King Simeon as EU-president?
This weekend Spanish news reported about the possibility of King Simeon II of the Bulgarians becoming the EU's first permanent president.(http://www.monarquiaconfidencial.com/pg_Articulo.aspx?IdObjeto=301). The King who in 1943 succeeded his father, Tsar Boris III, to the throne and who has also served his country as Prime Minister (2001/05) is a potential candidate like Luxembourg’s Prime Minister Jean-Claude Juncker and former British Prime Minister Tony Blair or former Belgian Prime Minister Guy Verhofstadt.
Should the new treaty of Lisbon which was signed in December 2007 in the Portuguese capital be ratified this year by all 27 EU members by 1st January 2009 a permanent “EU president” will replace the rotating presidency.

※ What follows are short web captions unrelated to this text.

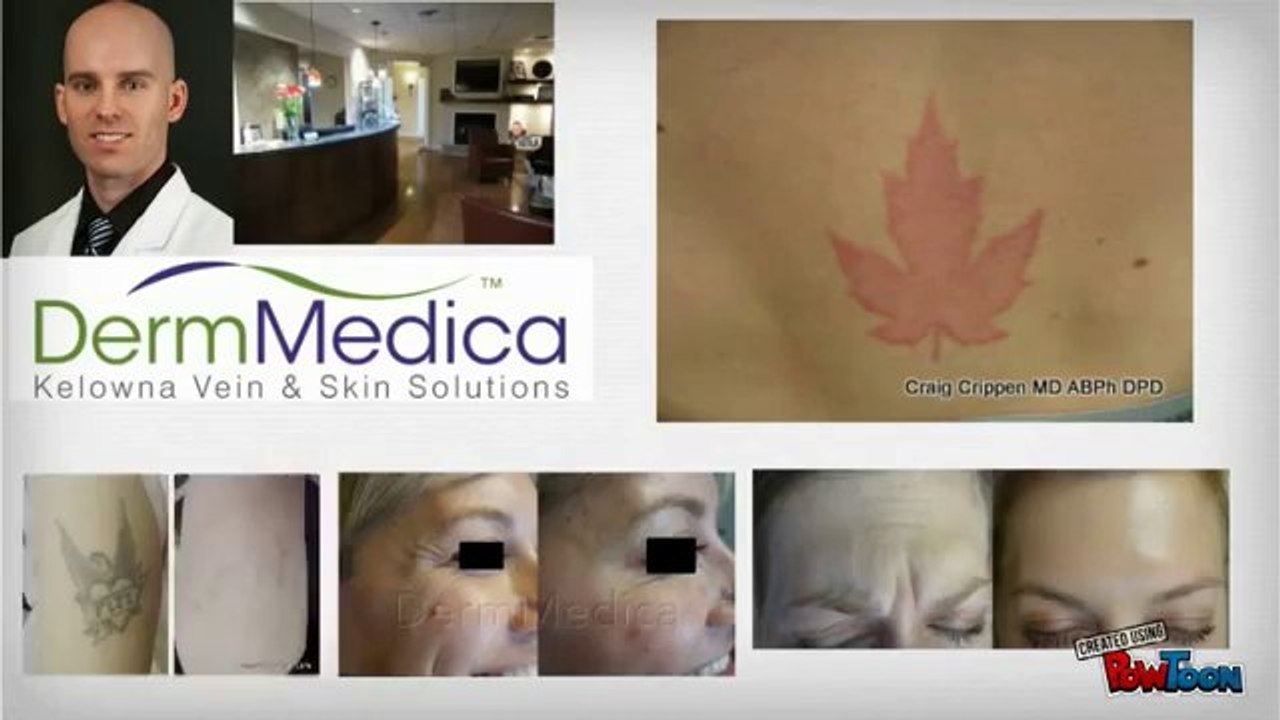 botox kelowna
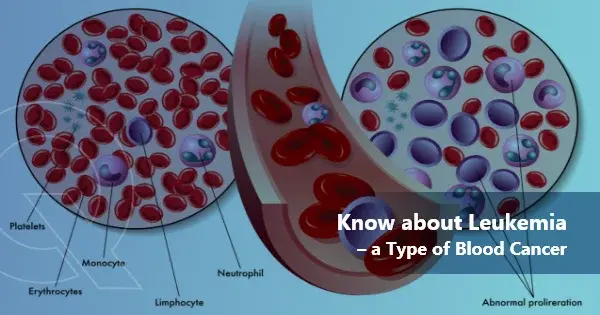 What you must know about Leukemia – a type of Blood Cancer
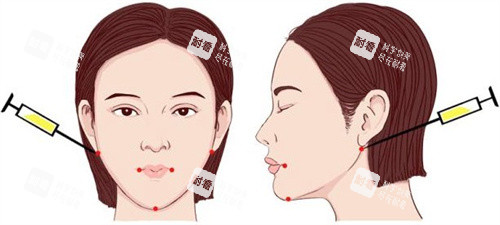 注射点位 注射点位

So far, every half a year one EU member state assumes the presidency of the Council of the European Union (EU).
The person holding the new office will be appointed by the European Council for a term of 30 months, with the possibility of a second term.
More than any politician King Simeon II of the Bulgarians would be qualified to hold this office. As a member of the House of Saxe-Coburg he is related to all European Royal Houses, he speaks seven languages fluently, is above party lines and had experienced the political bargaining business when he was Bulgarian Prime Minister.

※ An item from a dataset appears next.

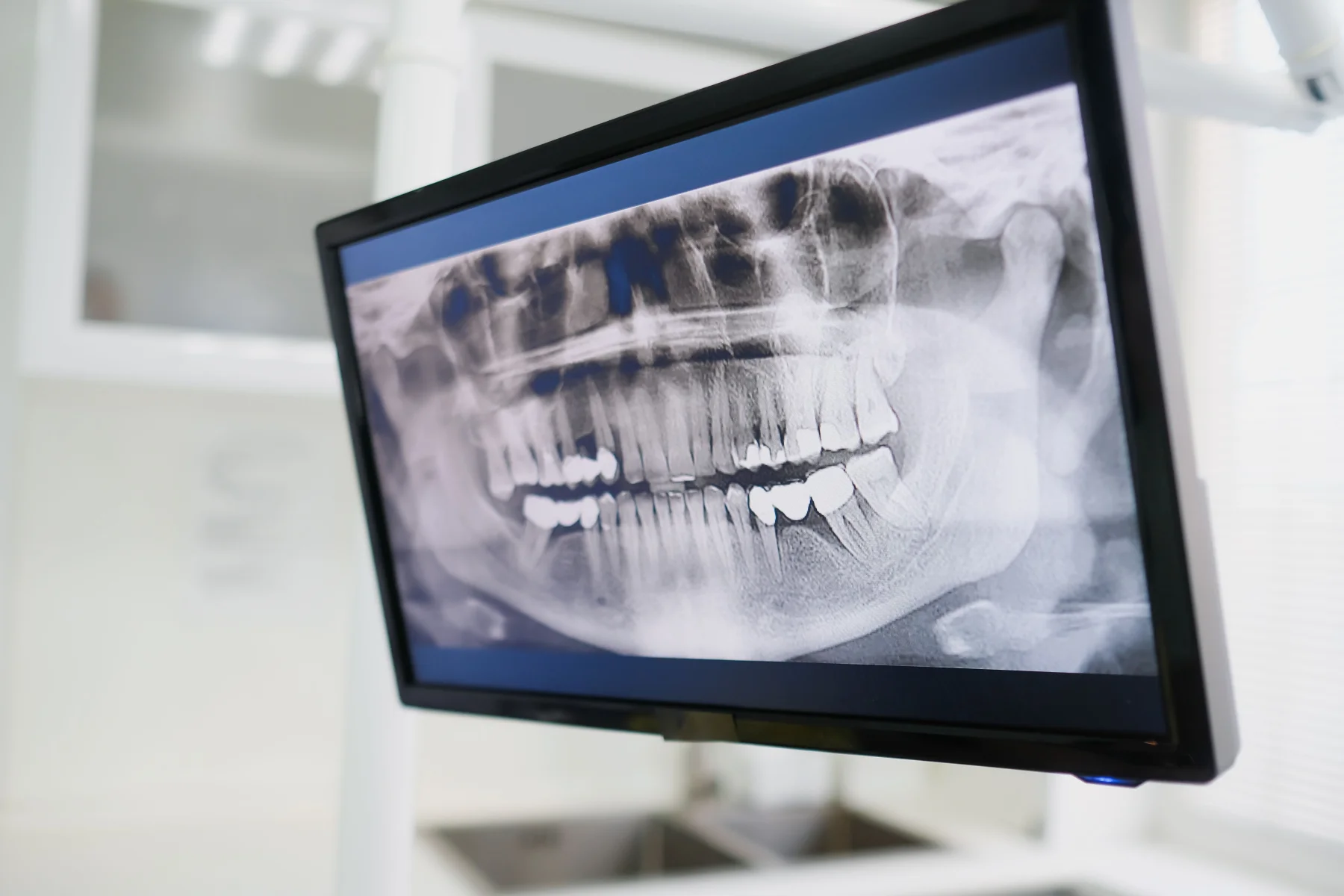 Emergency Dental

Above all: The King’s candidacy could be the only way to prevent the EU going irreversibly the republican way.
The Treaty of Lisbon is essentially a constitution for a "country" called Europe, although the EU Constitution was rejected by French and Dutch voters in 2005. Despite these facts British Prime Minister Gordon Brown, insisted that the Treaty of Lisbon was shorn of all constitutional content and that it preserved key aspects of British sovereignty.

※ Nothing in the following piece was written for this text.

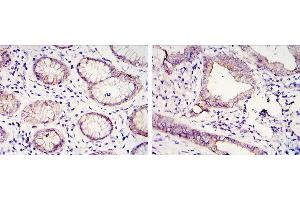 Immunohistochemical analysis of paraffin-embedded gastric cancer tissues (left) and lung cancer tissues (right) using CDH1 antibody with DAB staining.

The Christian Science Monitor in its March 24, 2008 edition - http://www.csmonitor.com/2008/0324/p09s01-coop.html said:
“With its flag, anthem, currency, institutions, regulations, and directives, the EU has long been indistinguishable from a nation-state-in-waiting. Now the Lisbon Treaty gives it those requisites of nationhood it's always lacked: a president, a foreign minister (and diplomatic corps), a powerful new interior department, a public prosecutor and full treaty-making powers. Add to those its common system of criminal justice, an embryonic federal police force, and the faintly sinister-sounding European Gendarmerie Force, and what this union becomes is a monolithic state with great power pretensions. Most alarmingly, though, is that the Lisbon Treaty can be extended indefinitely without recourse to further treaties or referendums.”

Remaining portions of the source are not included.